TASK DIRECTIONS
Transcribe, word for word, all of the entries below, and exclude any pictures from the copy.

[Opening INFORMATION GIVEN section]

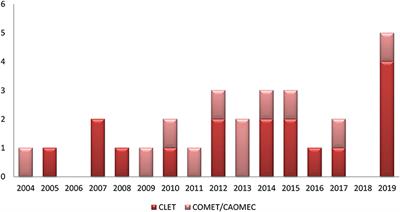 Clinical Outcomes From Cultivated Allogenic Stem Cells vs. Oral Mucosa Epithelial Transplants in Total Bilateral Stem Cells Deficiency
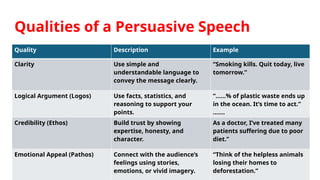 Qualities of a Persuasive Speech
Quality Description Example
Clarity Use simple and
understandable language to
convey the message clearly.
“Smoking kills. Quit today, live
tomorrow.”
Logical Argument (Logos) Use facts, statistics, and
reasoning to support your
points.
“……% of plastic waste ends up
in the ocean. It’s time to act.”
…….
Credibility (Ethos) Build trust by showing
expertise, honesty, and
character.
As a doctor, I’ve treated many
patients suffering due to poor
diet.”
Emotional Appeal (Pathos) Connect with the audience’s
feelings using stories,
emotions, or vivid imagery.
“Think of the helpless animals
losing their homes to
deforestation.”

[Closing INFORMATION GIVEN section]

ANSWER TO THIS TASK
 Clinical Outcomes From Cultivated Allogenic Stem Cells vs. Oral Mucosa Epithelial Transplants in Total Bilateral Stem Cells Deficiency
 Qualities of a Persuasive Speech
Quality Description Example
Clarity Use simple and
understandable language to
convey the message clearly.
“Smoking kills. Quit today, live
tomorrow.”
Logical Argument (Logos) Use facts, statistics, and
reasoning to support your
points.
“……% of plastic waste ends up
in the ocean. It’s time to act.”
…….
Credibility (Ethos) Build trust by showing
expertise, honesty, and
character.
As a doctor, I’ve treated many
patients suffering due to poor
diet.”
Emotional Appeal (Pathos) Connect with the audience’s
feelings using stories,
emotions, or vivid imagery.
“Think of the helpless animals
losing their homes to
deforestation.”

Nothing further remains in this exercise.